J’ai fait le tour réglementaire dans les allées de cette caverne d’Ali Baba pour les aventureux alimentaires, et puis j’ai vu le rayon fruits tout coloré et je me suis dit, bingo, c’est ça qui me fait envie. Il y avait des nectarines et des Asian pears, “great for hangovers” d’après l’écriteau, et des fruits rouges dans un frigo. Il me restait pile 9 dollars dans mon porte-monnaie donc j’ai demandé au type de peser un sachet de cerises et de me dire combien ça coûterait de prendre ça et une bouteille de kombucha au piment de cayenne.
En attendant que le caissier fasse ses calculs mes pas m’ont dirigée vers le fromager, à qui j’ai demandé si je pouvais goûter la tomme de Chattahoochee Hills (parce que j’ai habité dans la région, parce que c’est un de mes fromages préférés, et puis surtout pour le nom). Il m’a filé une micro-tranche si fine qu’on voyait à travers, je me suis dit eh ben on n’est pas dans la corne d’abondance du marché de Royan ici, et j’ai goûté. Pas mauvais mais à 25$ la livre soit près de 50€ le kilo, je préfère encore économiser mes deniers pour me téléporter.
Alors que je réfléchissais à cette histoire de téléportation en essayant de déterminer ma destination (Marché Saint-Quentin? Fromagerie Didière? Léon d’la Savoie? Quelle heure est-il en France bon sang ils doivent tous être fermés), le caissier est revenu me voir. 6,50$ pour le kombucha, bon, ils ne s’emmerdent pas, et combien pour les cerises? Sa langue a dû fourcher, ah non c’est bien ça, pardon – 22$. Et sinon une nectarine? Ah ok, 6$. Lorsque j’ai dit au caissier qu’en fait non il m’a répondu d’un air rigolard, sage décision.
Du coup je me suis rabattue sur un itinéraire gastronomique dans le quartier. Une part de pizza au fromage à la sortie du métro Nostrand Avenue (0,99$), un Sausage McMuffin du All Day Breakfast Menu au McDo d’à côté (1$), un Beefy 5-layer Burrito au Taco Bell de Flushing Avenue (1,59$), et puis, une fois cet apéro englouti, j’ai investi les 5$ restants dans un repas complet chez KFC: deux cuisses de poulet frit, un bol de purée, un Pepsi, un petit pain au beurre et un cookie.

Je rigole évidemment. En réalité j’étais super fatiguée, je portais des vêtements de yoga qui s’apparentent plus à un pyjama, il venait d’y avoir une tempête et le ciel ressemblait à un tableau de Turner, bref je n’avais qu’une envie c’était d’être au lit. Hélas ceux qui connaissent mon cerveau de bulldozer savent que lorsque j’ai une idée, j’y reste plus accrochée qu’une bernique à son rocher. Mon vélo m’attendait dehors. Je l’ai enfourché et je suis partie braver le vent déchaîné pour explorer un à un tous les supermarchés du quartier.

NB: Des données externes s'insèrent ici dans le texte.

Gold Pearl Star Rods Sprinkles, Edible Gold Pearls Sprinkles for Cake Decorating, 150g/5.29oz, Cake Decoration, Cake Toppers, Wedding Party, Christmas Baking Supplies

Suspense terminé : à 20h30 j’étais au paradis dans mon lit avec un bol de cerises juteuses dont le goût sucré était parfaitement relevé par les épices de mon kombucha glacé. C’est une histoire banale mais que j’avais quand même envie de raconter parce que 1) c’est un fucking crazy country aussi, et 2) la vie d’expatrié est faite de surprises réjouissantes ou exaspérantes, et de mini-combats. Spéciale dédicace à mon frère Grodu qui a passé une journée à arpenter Londres en quête du saint Graal: un casse-noix.